━━ SOURCE MATERIAL ━━

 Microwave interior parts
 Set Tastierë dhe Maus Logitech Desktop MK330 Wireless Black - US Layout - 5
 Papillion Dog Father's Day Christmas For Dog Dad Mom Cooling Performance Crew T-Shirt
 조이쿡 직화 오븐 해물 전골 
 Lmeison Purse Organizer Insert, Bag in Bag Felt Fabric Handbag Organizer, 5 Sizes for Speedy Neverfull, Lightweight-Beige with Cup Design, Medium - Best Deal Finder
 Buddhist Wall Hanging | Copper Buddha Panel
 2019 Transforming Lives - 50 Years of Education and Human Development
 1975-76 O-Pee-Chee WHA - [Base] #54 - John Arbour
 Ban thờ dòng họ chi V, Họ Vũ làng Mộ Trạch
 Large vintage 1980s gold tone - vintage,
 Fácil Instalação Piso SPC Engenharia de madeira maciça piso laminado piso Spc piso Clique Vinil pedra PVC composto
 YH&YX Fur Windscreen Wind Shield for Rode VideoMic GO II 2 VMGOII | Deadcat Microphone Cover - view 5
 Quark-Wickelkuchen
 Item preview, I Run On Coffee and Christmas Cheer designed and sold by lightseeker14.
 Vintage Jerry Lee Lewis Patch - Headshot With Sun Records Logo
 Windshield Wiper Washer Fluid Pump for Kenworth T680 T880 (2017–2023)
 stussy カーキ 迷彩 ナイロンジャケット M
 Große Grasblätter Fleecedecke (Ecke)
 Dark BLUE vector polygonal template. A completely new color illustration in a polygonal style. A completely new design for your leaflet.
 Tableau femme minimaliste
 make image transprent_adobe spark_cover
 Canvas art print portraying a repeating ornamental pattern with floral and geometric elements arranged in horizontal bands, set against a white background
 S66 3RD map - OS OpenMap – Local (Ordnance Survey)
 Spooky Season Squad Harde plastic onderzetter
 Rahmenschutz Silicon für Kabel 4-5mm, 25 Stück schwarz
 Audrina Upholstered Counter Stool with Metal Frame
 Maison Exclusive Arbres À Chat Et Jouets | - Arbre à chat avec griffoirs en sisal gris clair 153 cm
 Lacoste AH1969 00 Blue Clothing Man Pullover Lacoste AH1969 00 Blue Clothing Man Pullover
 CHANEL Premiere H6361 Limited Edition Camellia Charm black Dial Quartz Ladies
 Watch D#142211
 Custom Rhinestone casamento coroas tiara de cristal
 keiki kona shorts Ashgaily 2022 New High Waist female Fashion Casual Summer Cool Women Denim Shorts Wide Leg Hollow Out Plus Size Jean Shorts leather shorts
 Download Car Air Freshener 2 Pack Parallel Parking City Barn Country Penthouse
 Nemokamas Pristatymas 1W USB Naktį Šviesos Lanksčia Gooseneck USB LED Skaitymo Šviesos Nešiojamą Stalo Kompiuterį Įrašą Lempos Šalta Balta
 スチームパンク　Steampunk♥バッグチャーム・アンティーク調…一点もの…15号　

━━━

All lines from the one containing "Nemokamas Pristatymas 1W" to the last line of the material above must be copied exactly, and only those.

 Nemokamas Pristatymas 1W USB Naktį Šviesos Lanksčia Gooseneck USB LED Skaitymo Šviesos Nešiojamą Stalo Kompiuterį Įrašą Lempos Šalta Balta
 スチームパンク　Steampunk♥バッグチャーム・アンティーク調…一点もの…15号　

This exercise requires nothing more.